_Task input_
★ ★ ★ ★ ★ ★ ★
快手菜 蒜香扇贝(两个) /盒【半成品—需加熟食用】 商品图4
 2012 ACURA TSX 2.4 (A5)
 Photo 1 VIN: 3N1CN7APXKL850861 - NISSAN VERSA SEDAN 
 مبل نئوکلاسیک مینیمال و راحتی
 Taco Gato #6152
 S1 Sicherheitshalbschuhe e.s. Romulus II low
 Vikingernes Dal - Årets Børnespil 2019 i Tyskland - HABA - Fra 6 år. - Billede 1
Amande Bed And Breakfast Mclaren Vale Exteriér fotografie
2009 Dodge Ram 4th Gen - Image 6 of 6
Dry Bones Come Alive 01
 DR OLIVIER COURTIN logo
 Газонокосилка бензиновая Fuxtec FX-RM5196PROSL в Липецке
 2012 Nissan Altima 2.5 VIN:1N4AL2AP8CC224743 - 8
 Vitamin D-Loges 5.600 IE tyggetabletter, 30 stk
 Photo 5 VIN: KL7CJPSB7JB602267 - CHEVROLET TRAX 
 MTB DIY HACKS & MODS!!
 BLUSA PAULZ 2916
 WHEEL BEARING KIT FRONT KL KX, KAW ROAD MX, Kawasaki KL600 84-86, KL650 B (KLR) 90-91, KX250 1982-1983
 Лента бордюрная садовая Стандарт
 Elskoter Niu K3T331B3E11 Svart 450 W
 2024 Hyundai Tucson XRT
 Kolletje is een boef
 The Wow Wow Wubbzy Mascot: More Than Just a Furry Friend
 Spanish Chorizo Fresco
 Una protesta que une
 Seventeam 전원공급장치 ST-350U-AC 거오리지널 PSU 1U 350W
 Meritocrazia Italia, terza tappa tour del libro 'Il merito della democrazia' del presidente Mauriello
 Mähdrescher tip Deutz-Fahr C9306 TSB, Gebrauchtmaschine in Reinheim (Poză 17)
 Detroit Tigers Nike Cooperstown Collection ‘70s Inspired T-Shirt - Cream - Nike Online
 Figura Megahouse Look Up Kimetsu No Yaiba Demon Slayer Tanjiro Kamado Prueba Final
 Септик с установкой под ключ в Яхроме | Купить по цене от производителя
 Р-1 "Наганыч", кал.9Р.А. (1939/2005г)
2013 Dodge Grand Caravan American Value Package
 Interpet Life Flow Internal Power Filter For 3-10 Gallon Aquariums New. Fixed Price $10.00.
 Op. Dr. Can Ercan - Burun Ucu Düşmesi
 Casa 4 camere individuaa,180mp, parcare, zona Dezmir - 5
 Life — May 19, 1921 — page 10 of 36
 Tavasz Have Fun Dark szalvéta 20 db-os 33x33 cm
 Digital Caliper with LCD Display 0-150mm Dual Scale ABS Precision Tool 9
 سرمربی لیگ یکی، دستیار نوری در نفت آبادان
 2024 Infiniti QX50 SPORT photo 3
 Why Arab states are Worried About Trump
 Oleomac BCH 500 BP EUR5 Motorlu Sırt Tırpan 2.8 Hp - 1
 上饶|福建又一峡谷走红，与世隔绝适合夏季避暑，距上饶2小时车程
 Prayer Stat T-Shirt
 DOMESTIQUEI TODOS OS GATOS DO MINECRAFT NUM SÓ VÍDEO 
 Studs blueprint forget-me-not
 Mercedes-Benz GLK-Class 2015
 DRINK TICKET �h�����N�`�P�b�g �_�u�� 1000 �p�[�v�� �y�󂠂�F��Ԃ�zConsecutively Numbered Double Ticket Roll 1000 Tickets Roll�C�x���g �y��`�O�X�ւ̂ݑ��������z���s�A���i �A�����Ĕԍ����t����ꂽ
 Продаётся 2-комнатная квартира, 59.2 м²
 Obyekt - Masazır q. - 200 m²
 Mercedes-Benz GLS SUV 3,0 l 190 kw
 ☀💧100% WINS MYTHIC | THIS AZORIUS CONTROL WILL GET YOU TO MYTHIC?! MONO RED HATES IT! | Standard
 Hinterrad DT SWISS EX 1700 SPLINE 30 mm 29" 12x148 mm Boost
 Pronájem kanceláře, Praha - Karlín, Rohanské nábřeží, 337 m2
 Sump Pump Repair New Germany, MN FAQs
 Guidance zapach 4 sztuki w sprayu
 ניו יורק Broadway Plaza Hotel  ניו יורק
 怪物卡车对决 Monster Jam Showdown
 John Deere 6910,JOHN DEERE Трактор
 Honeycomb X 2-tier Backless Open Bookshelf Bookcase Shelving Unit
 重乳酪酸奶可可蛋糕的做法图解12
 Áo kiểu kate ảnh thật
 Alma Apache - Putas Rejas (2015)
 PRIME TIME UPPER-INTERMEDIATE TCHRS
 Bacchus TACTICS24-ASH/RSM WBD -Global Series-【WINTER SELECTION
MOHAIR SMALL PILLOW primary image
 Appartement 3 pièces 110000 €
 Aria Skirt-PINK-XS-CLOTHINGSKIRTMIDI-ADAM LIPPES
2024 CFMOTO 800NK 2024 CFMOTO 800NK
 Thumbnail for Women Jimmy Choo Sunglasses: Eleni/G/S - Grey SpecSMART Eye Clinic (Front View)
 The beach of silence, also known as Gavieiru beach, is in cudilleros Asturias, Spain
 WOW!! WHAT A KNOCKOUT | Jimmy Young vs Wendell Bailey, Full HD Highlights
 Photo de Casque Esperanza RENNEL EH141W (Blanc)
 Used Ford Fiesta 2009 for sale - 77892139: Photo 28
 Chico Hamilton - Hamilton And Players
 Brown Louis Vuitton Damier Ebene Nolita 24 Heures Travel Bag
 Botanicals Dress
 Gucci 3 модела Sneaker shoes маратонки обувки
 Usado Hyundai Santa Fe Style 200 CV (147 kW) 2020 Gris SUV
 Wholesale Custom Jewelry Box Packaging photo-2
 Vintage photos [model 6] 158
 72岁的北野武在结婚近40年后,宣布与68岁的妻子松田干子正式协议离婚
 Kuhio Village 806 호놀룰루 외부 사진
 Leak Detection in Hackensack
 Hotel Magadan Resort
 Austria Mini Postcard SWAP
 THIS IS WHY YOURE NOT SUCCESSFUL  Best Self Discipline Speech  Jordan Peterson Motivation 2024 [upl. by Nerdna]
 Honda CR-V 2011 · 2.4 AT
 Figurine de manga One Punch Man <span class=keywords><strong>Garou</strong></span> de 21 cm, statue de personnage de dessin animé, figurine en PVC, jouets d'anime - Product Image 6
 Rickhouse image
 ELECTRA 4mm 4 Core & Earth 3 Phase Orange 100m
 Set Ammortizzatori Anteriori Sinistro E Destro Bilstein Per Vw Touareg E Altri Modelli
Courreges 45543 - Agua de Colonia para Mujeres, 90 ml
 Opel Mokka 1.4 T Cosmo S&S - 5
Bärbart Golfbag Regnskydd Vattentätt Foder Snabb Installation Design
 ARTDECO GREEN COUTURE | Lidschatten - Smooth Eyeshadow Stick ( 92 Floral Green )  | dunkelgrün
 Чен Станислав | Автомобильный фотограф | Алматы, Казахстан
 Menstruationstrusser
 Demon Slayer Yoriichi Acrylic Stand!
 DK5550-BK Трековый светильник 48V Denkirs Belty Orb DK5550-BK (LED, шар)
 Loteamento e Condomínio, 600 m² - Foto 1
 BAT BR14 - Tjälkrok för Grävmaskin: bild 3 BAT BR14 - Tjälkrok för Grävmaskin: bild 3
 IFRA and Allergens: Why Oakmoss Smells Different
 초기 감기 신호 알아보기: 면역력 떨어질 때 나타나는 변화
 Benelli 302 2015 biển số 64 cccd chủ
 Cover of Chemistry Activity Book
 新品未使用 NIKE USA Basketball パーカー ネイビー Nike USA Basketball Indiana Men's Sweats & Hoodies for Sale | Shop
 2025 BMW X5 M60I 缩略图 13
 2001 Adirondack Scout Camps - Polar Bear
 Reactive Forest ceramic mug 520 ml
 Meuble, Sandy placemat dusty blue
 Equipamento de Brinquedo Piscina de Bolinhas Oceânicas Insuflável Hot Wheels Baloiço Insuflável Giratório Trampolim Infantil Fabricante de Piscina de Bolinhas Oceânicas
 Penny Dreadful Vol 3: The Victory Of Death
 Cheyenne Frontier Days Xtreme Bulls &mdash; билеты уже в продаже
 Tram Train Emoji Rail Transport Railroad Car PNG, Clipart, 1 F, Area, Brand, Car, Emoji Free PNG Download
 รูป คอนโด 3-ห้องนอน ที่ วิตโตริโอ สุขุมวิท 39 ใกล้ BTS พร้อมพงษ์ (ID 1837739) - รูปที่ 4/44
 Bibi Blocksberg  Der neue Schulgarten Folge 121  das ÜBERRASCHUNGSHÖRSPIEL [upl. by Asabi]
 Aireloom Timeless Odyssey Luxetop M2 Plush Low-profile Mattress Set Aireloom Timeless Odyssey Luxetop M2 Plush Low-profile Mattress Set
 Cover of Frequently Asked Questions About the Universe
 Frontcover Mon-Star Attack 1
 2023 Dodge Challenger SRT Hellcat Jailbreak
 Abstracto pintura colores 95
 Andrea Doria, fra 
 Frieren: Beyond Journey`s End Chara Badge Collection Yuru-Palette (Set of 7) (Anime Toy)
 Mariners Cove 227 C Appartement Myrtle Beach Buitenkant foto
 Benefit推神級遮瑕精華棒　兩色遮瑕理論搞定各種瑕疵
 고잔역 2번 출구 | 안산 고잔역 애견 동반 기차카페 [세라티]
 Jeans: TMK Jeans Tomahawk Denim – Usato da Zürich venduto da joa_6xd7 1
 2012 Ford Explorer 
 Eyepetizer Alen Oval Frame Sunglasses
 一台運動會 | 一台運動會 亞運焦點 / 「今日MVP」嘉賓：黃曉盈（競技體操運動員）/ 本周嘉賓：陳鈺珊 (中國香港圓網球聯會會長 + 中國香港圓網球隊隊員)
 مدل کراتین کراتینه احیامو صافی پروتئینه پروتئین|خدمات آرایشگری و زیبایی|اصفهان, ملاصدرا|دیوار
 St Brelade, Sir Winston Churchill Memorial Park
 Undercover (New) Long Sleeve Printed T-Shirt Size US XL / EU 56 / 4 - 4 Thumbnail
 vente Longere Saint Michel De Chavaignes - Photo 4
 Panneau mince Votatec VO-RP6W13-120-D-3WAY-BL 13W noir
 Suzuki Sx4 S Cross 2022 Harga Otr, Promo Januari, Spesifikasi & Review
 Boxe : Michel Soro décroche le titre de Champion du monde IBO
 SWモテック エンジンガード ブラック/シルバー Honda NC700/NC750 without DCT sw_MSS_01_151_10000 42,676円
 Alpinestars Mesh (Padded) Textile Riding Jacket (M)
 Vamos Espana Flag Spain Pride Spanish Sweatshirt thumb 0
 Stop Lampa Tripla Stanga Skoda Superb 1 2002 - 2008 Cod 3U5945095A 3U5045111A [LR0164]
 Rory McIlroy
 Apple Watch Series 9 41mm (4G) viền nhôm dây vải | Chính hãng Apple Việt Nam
★ ★ ★ ★ ★ ★ ★
_Exercise goal_
Starting with the line above that holds "Op. Dr. Can Ercan - Burun Ucu Düşmesi" and stopping with the line that holds "Oleomac BCH 500", reproduce each line exactly, omitting all other lines.

_Task output_
 Op. Dr. Can Ercan - Burun Ucu Düşmesi
 Casa 4 camere individuaa,180mp, parcare, zona Dezmir - 5
 Life — May 19, 1921 — page 10 of 36
 Tavasz Have Fun Dark szalvéta 20 db-os 33x33 cm
 Digital Caliper with LCD Display 0-150mm Dual Scale ABS Precision Tool 9
 سرمربی لیگ یکی، دستیار نوری در نفت آبادان
 2024 Infiniti QX50 SPORT photo 3
 Why Arab states are Worried About Trump
 Oleomac BCH 500 BP EUR5 Motorlu Sırt Tırpan 2.8 Hp - 1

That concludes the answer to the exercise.